Collected data entries
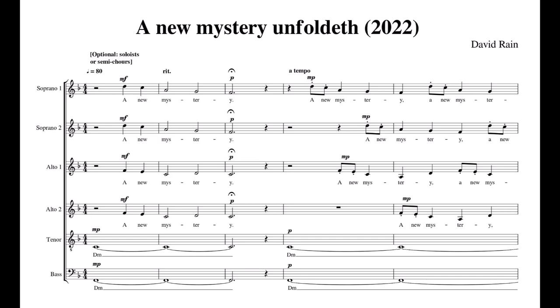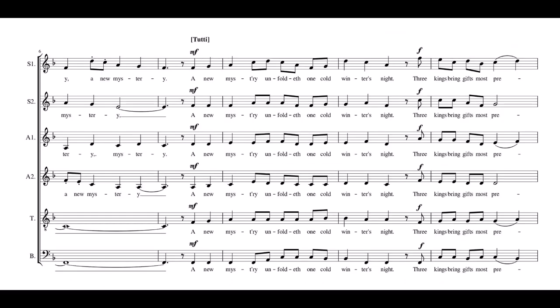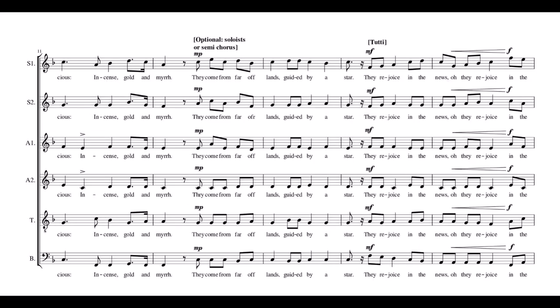A new mystery unfoldeth one cold winter's night. Three kings bring gifts all precious: the incense, gold, and myrrh. They come from far off lands, guided by a star. They rejoice in the news.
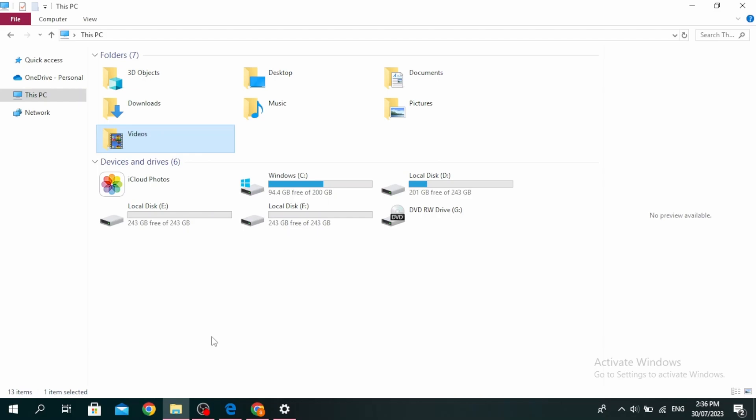The first thing you can do is download the file again, but download it in another location. Another method is to download the file from another website and see if the problem is solved.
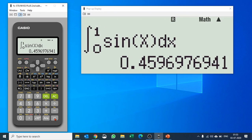And it quickly solves integration of sine X from 0 to 1. Similarly when you would like to solve derivative...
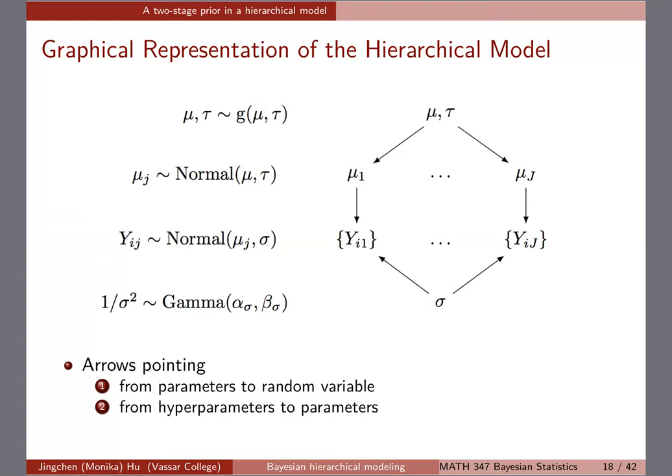This type of hierarchical graphical representation is mostly used in the statistics community, though other applied fields like ecology have even fancier ways to show these models, sometimes indicating what the distributions look like on the parameters. For us, this representation is clean and you can draw it by hand from scratch. Keep in mind: arrows point from parameters to random variables, and from hyperparameters to parameters.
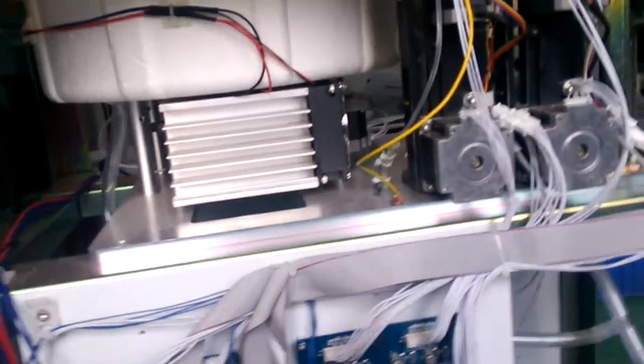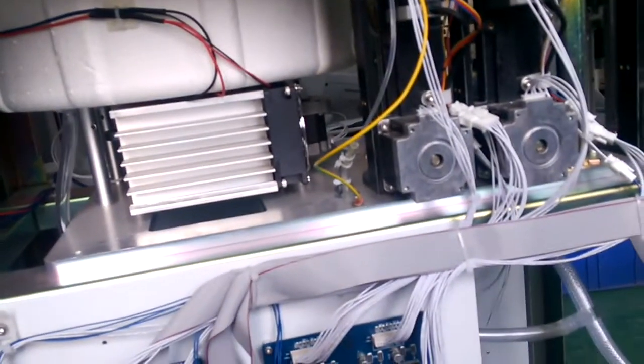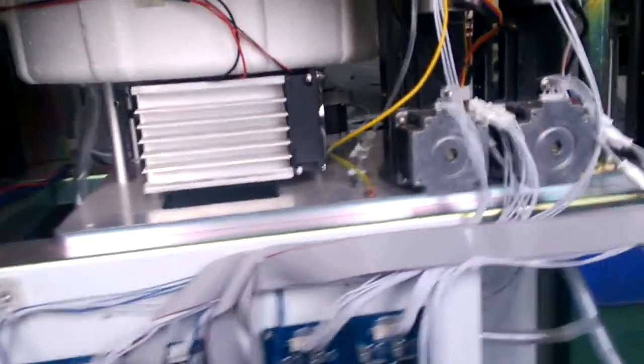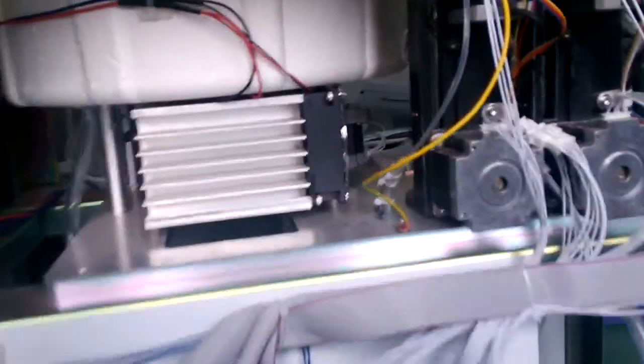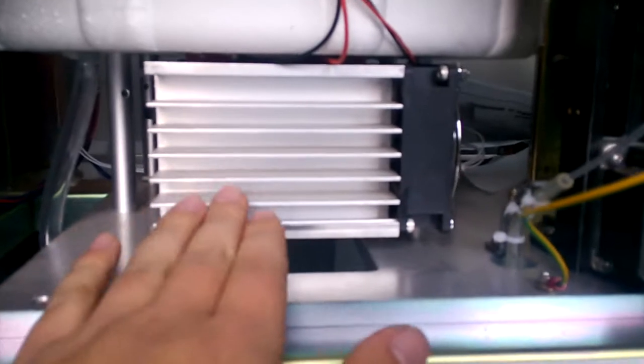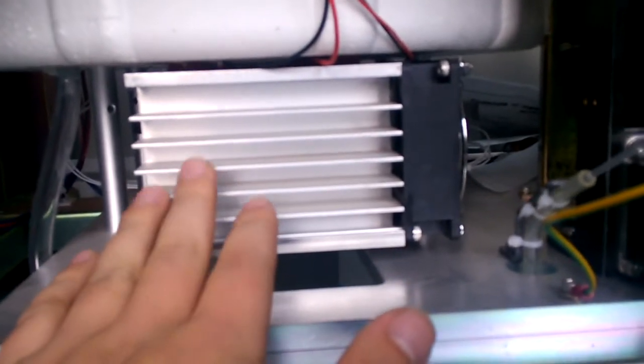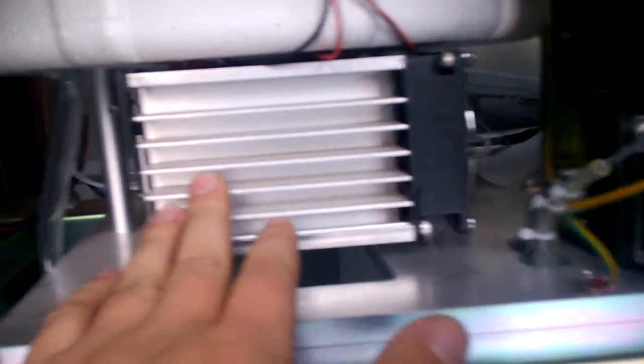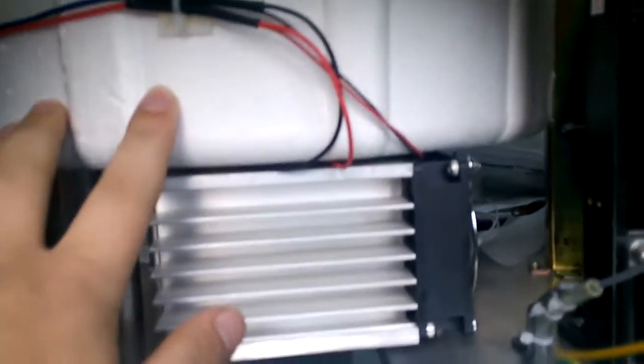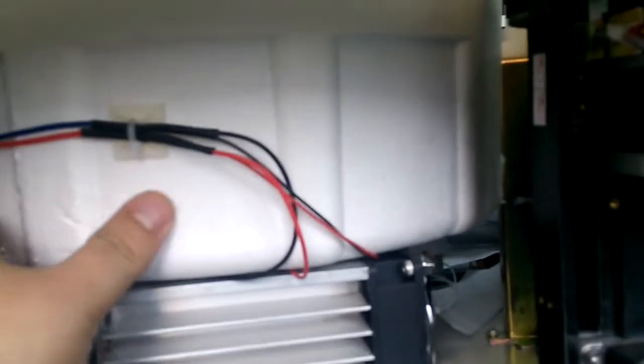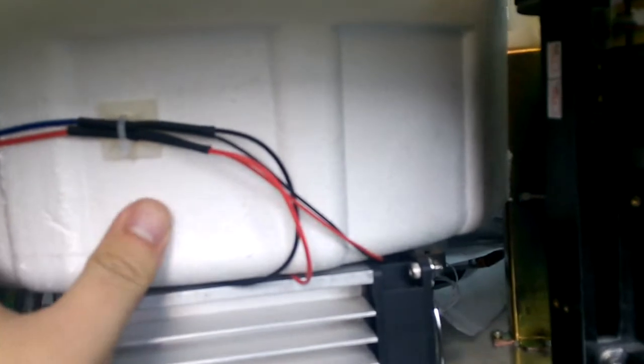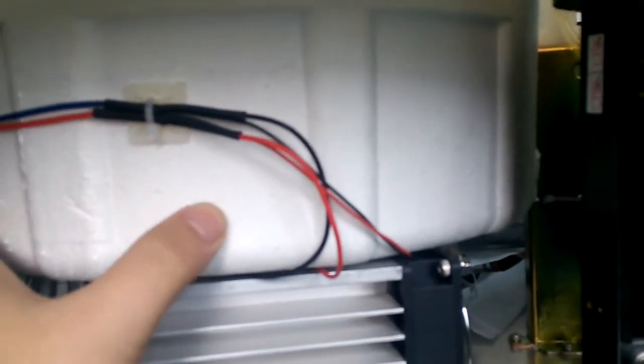So now we see the inside of the machine. This is a big refrigeration system. It's very efficient. Here is a foam to keep the temperature between 2 to 8 to 30 degree.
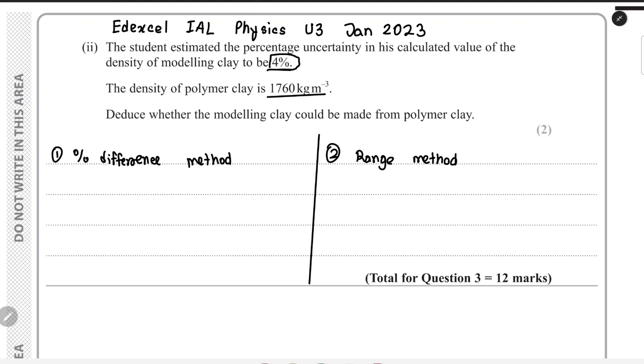Now we will cover another type of question common in physics units 3 and 6: showing that a calculated value matches a data book value. You will find questions like this in every physics unit 3 and 6 question paper for the most recent specification. In these questions, you have a calculated value with an uncertainty and must compare it to a given value and make a conclusion statement.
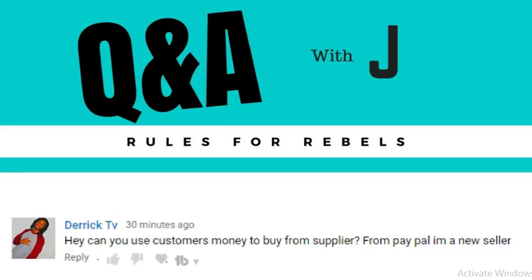Hey, what's going on guys? This is Johnny with Rules for Rebels. This is the first video in a new series called Q&A with Jay, where we'll be answering questions from emails and YouTube comments. I'm not going to restrict this to one category like e-commerce, Amazon FBA, or cryptocurrency — pretty much all topics. My goal is to make shorter videos, since I know people miss things in longer videos and search for specific questions.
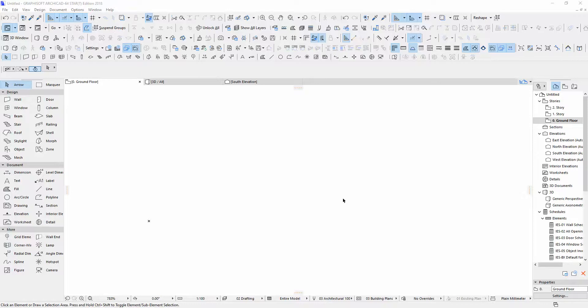Hey guys, today I'm gonna show you how to create a wall profile in ArchiCAD. Okay, let's go. First we go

> _Task instructions_
Leave the pictures out, and copy exactly each line from the one containing "Now we will" through the final line of the data.

> _Result of this exercise_
Now we will cover another type of question common in physics units 3 and 6: showing that a calculated value matches a data book value. You will find questions like this in every physics unit 3 and 6 question paper for the most recent specification. In these questions, you have a calculated value with an uncertainty and must compare it to a given value and make a conclusion statement.
Hey, what's going on guys? This is Johnny with Rules for Rebels. This is the first video in a new series called Q&A with Jay, where we'll be answering questions from emails and YouTube comments. I'm not going to restrict this to one category like e-commerce, Amazon FBA, or cryptocurrency — pretty much all topics. My goal is to make shorter videos, since I know people miss things in longer videos and search for specific questions.
Hey guys, today I'm gonna show you how to create a wall profile in ArchiCAD. Okay, let's go. First we go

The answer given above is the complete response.